Ich möchte Gehorsam lernen, Herrin.
Ich möchte ihn tief in mir verankern.
So dass es niemals mehr Widerspruch von mir gibt,
diese Fratze meines jämmerlichen Stolzes.
Ich will Deine Gnade, Deine Güte, Deine Liebe nie beleidigen.
Du willst mein Bestes, verfolgst nur die Verwirklichung meines Wesens.
Lebe ich meine Unterwürfigkeit, meine Devotheit, lege ich mich Deiner Macht zu Füssen,
so blüht meine Kreativität, bekommt mein Leben einen wahrhaftigen, erdigen Sinn:

Kein Himmelreich muss warten, meine Göttin ist real und schenkt mir ihr Lächeln, wenn ich sie glücklich mache. Ich fühle Zärtlichkeit, Berührung, und darf küssen, knien, umarmen und aufsehen zu einem Menschen, der bereit ist, stets Mitverantwortung für mich zu tragen…

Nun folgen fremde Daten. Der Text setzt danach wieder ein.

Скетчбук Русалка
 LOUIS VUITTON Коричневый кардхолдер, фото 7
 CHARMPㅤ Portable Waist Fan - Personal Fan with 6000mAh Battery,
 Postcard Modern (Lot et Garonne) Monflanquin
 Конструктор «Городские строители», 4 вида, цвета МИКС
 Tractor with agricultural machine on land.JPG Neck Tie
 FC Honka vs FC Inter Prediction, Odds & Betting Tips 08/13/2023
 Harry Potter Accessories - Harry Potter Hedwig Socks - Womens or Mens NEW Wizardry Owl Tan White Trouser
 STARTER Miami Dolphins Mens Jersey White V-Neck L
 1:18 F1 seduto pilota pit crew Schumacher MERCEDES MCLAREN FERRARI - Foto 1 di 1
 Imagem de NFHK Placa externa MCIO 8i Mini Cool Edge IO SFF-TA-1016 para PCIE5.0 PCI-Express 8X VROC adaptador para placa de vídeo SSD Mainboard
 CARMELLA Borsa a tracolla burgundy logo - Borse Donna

Ich denke an die Ferienlager meiner Kindheit, wenn eine Betreuerin mich für mein Betragen lobte, wenn ich spürte, dass ich gefiel und mein Herz mir dabei aufging. Das Trauma, das ich damals zu überwinden begann, habe ich spätestens durch Dich ablegen können. Es war eine lange Reise, aber ich bin dort ausgestiegen, wo ich glücklich sein darf – und ich muss diese Schublade nie mehr öffnen. Es gibt nichts mehr zu entschuldigen oder zu vergeben und kein Verhalten zu begründen oder zu verstehen, warum es ungebührend ist. Ich kann Verantwortung für mein Handeln tragen, und es in die Obhut einer wahrhaftig liebenden Herrin legen.